EXERCISE DESCRIPTION »
How do the lines read from the one holding "16802 Glenwood Springs" through the last line of the listing? Set them down exactly, pictures omitted.

SUPPLIED DATA »
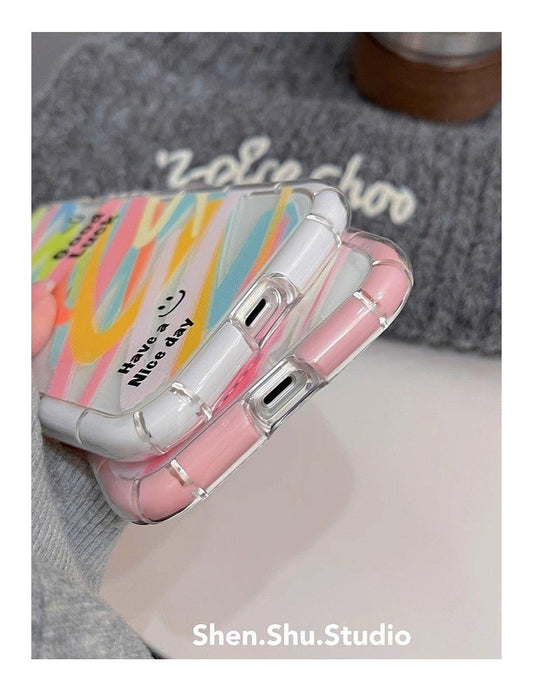 スマホケース 夜光フレームシリーズ  耐衝撃・防振性能に優れ、高級感あふれるスマホケースで、iPhone に対応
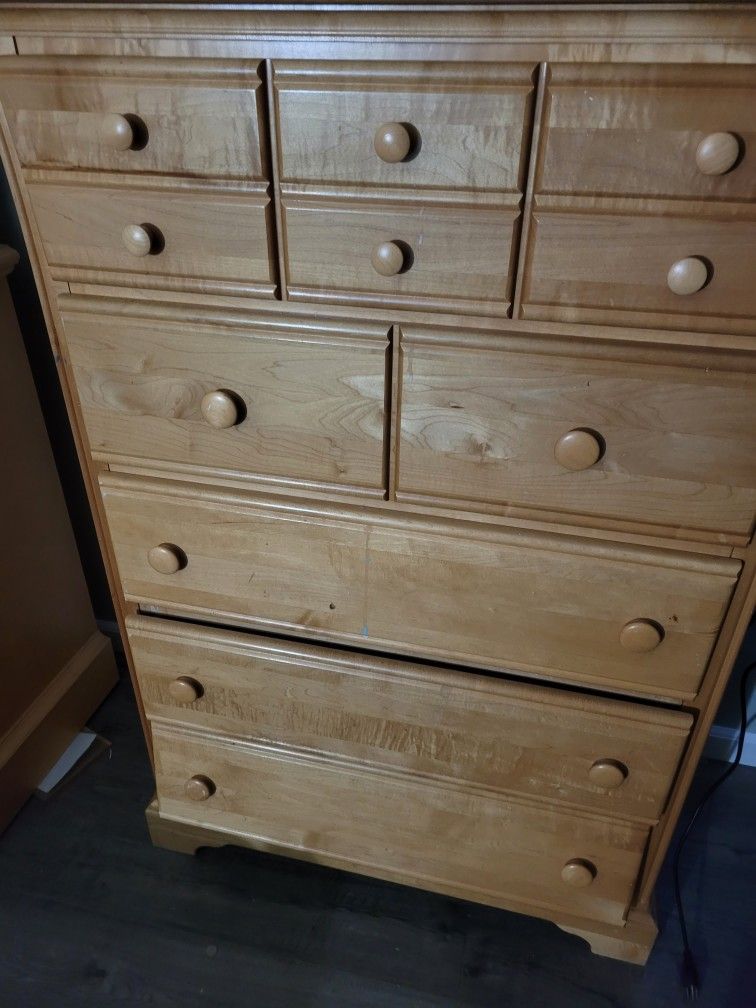 Dresser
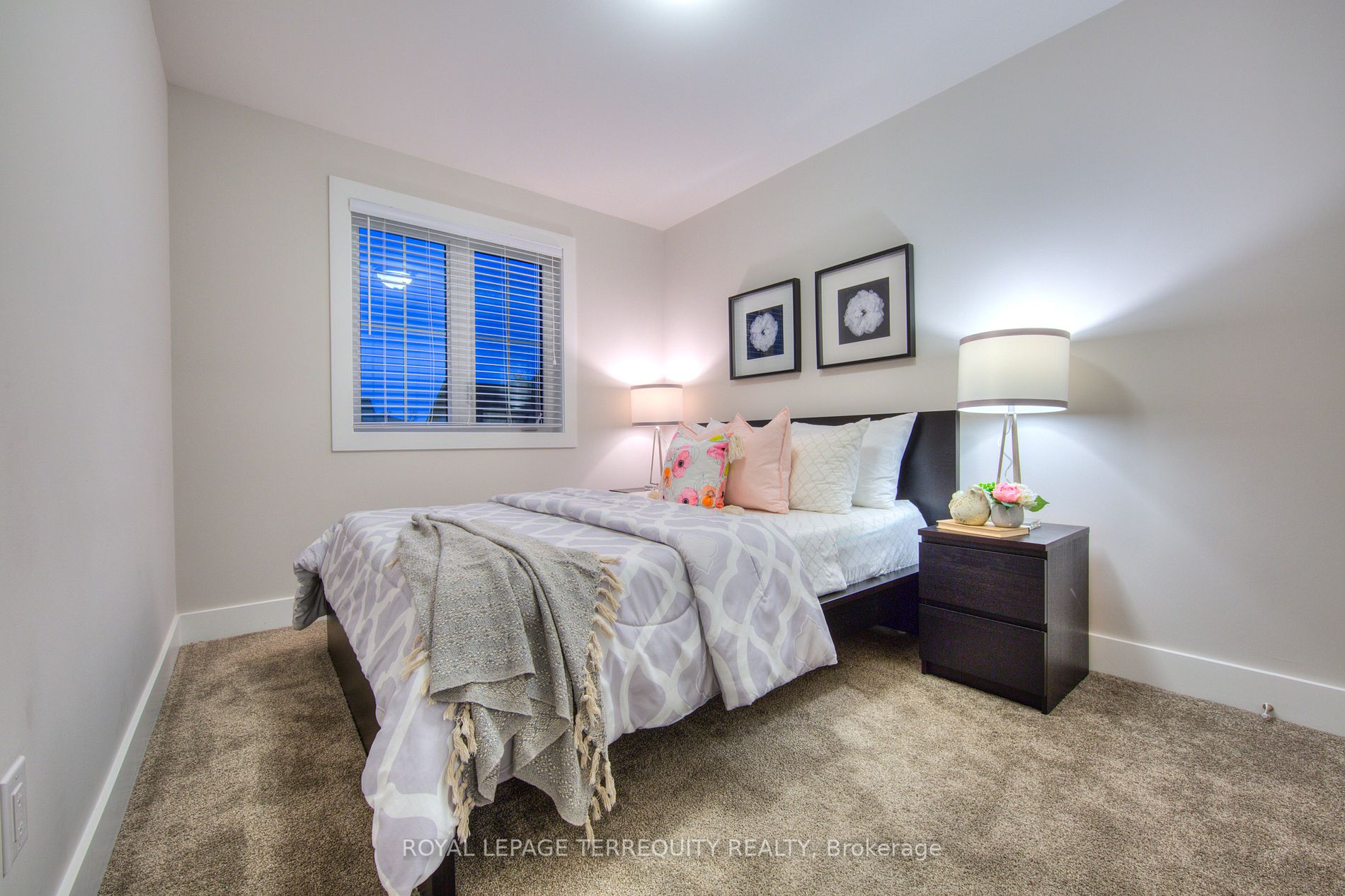 Listing X7009402 - Large Photo # 17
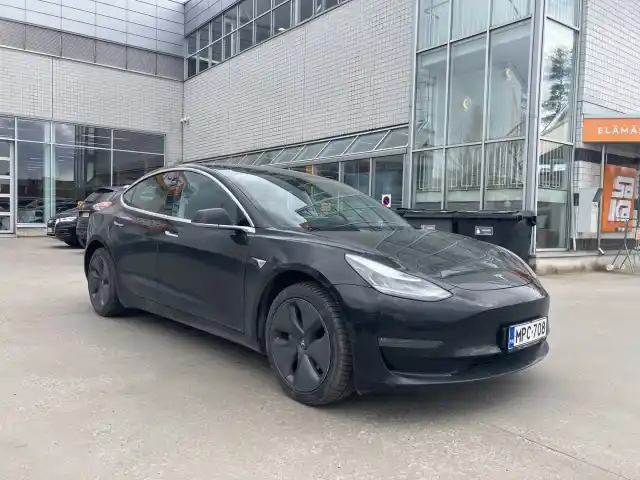Musta Sedan, Tesla Model 3 – MPC-708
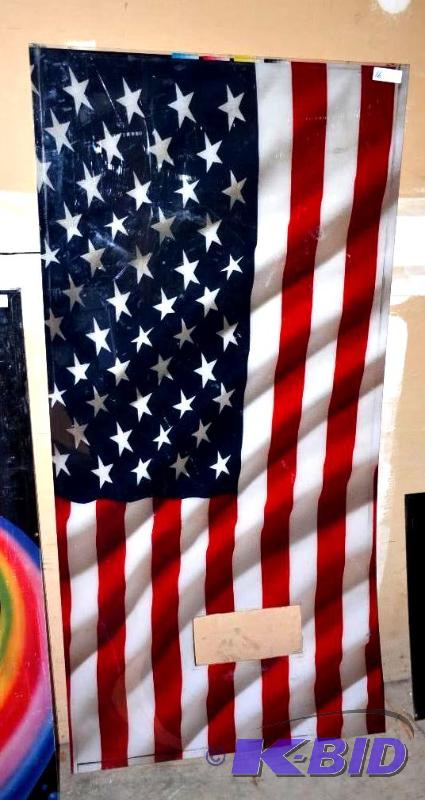 lot 16 image: Awesome Vintage American Waving Flag Acrylic ...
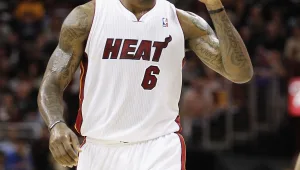 גמר המזרח: מיאמי ניצחה את שיקגו 85:96 ועלתה ל-1:2 בסדרה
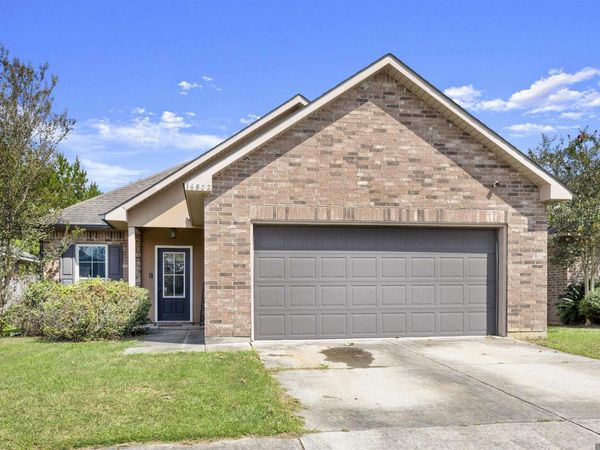 16802 Glenwood Springs Dr, Greenwell Springs, LA 70739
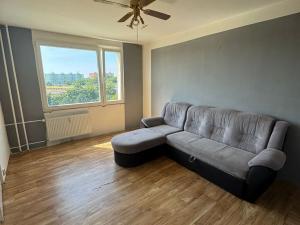 Pronájem bytu 1+1, Chomutov, Písečná, 35 m2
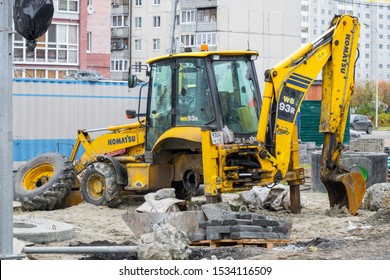 Tyumen, Russia - October 14, 2019: Broken Bulldozer City Construction. Broken Machinery Unfinished Construction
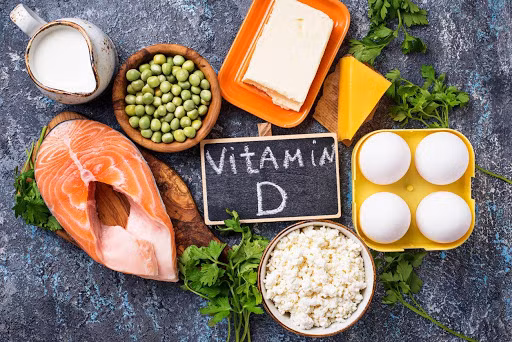  Vitamin D được bổ sung trong sữa ít béo hoặc nước cam Vitamin D giúp giảm nguy cơ mắc bệnh loãng xương và rất quan trọng trong việc giảm nguy cơ mắc bệnh tiểu đường, đa xơ cứng và khối u vú, đại tràng và buồng trứng. Các nghiên cứu gần đây của Đại học California San Diego cho thấy vitamin D có khả năng ngăn giảm tới một nửa nguy cơ ung thư vú, ruột kết và ung thư buồng trứng.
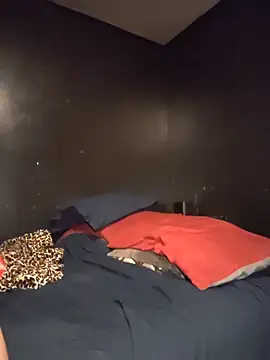 Snapshot of butterflykhash89 chatting on 12.15.25 butterflykhash89 online show from 12.15.25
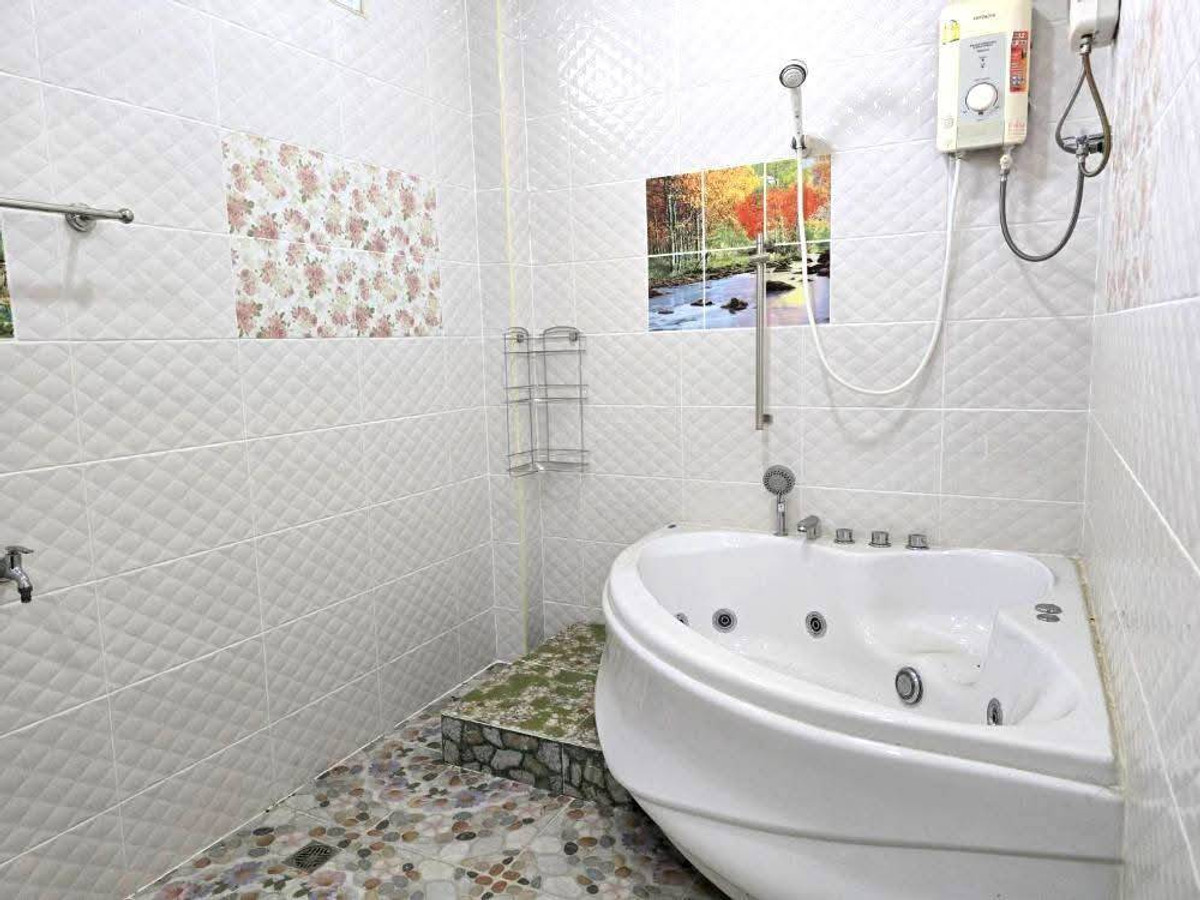 ขายที่ดินอยุธยา : ขายที่ดินพร้อมอาคารสำนักงาน 2 ชั้น บนพื้นที่ 8-0-20 ไร่ ต.สนับทึบ อ.วังน้อย จ.พระนครศรีอยุธยา  ราคา 44,500,000 บาท และเช่า 70,000,000/เดือน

EXERCISE RESPONSE »
 16802 Glenwood Springs Dr, Greenwell Springs, LA 70739
 Pronájem bytu 1+1, Chomutov, Písečná, 35 m2
 Tyumen, Russia - October 14, 2019: Broken Bulldozer City Construction. Broken Machinery Unfinished Construction
  Vitamin D được bổ sung trong sữa ít béo hoặc nước cam Vitamin D giúp giảm nguy cơ mắc bệnh loãng xương và rất quan trọng trong việc giảm nguy cơ mắc bệnh tiểu đường, đa xơ cứng và khối u vú, đại tràng và buồng trứng. Các nghiên cứu gần đây của Đại học California San Diego cho thấy vitamin D có khả năng ngăn giảm tới một nửa nguy cơ ung thư vú, ruột kết và ung thư buồng trứng.
 Snapshot of butterflykhash89 chatting on 12.15.25 butterflykhash89 online show from 12.15.25
 ขายที่ดินอยุธยา : ขายที่ดินพร้อมอาคารสำนักงาน 2 ชั้น บนพื้นที่ 8-0-20 ไร่ ต.สนับทึบ อ.วังน้อย จ.พระนครศรีอยุธยา  ราคา 44,500,000 บาท และเช่า 70,000,000/เดือน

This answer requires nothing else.